DataScience Research

With the developing significance of data science and the continuous shortage of proper skillset, the job of the datascientists is to a great degree noteworthy today. For a considerable length of time, undertakings have incorporated a few people with business aptitude fit for crossing over any barrier among business and IT by discovering data-driven answers for business issues utilizing available self-benefit examination programming.

Data Science as a domain has turned out to be progressively imperative with the blast of examination, AI, machine learning, and huge data all through the work environment amid the previous quite a long while. It additionally mitigates the issue of business-IT arrangement that has existed since PCs were first used to take care of business issues.
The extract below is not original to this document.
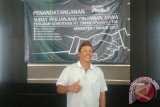 Udin seorang pelaku usaha kecil makanan khas Bangka mendapatkan bantuan pinjaman bergulir PT Timah (Persero) Tbk periode I 2017 di Pangkalpinang, Selasa (6/6/2017). (antarababel.com/Aprionis)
Research Areas under Data Science: In this age of hyper-information, anything and everything is data. Data is in present days, considered as “ Digital Gold”. Data Science is an umbrella term which covers multiple sub-divisions which are Math, Statistics, Domain Expertise, Advanced Computing etc. In each area, there are numerous fields where research can be done. It would be quite an exaggerating term to mention as data science researchers as there are multiple domains and countless topics that come under the purview of data science.

Data Science Projects:

There are countless data science projects and the number is growing in an exponential way. In data science, Data mining research topics can also be incorporated. Few data science projects which have come across my mind and have been on the favorite list of the researchers are:

  • An Expert Clinical Decision Support System to Predict Disease Using Classification Techniques.
  • Chronic Kidney Disease Prediction on Imbalanced Data by Multilayer Perceptron
  • Application of Data Mining Methods in Diabetes Prediction
  • Predicting Depression Levels Using Social Media Posts
  • Implementing WEKA for medical data classification and early disease prediction
  • Emotion classification of YouTube videos
  • Sentiment analysis of the demonetization of economy
  • Comparison of applications for educational data mining in Engineering Education
  • Predicting Students Performance in Final Examination using Linear Regression and Multilayer Perceptron
  • Opinion Mining of News Headlines using SentiWordNet
  • A Novel Text Mining Approach Based on TF-IDF and Support Vector Machine for News Classification
  • Modifying Naive Bayes Classifier for Multinomial Text Classification
  • Improved Feature Extraction and Classification – Sentiment Analysis
  • Study of Machine Learning Algorithms for Special Disease Prediction using Principal of Component Analysis
  • Prediction of Heart Diseases Using Associative Classification
  • Data Analysts vs Data Scientists
  • The influence of extraction methods
  • Data Science and its Relationship to Big Data and Data-Driven Decision Making
  • The list is never-ending. From Statistics for Data Science to data mining, every area is a burgeoning field for researchers as Data Science is gobbling and encompassing across all the domains irrespective of the fields or the industry. Data science research topics are never exhausting list which will continue to grow every day due to a massive explosion of the dataset and the ever increasing demand for data science.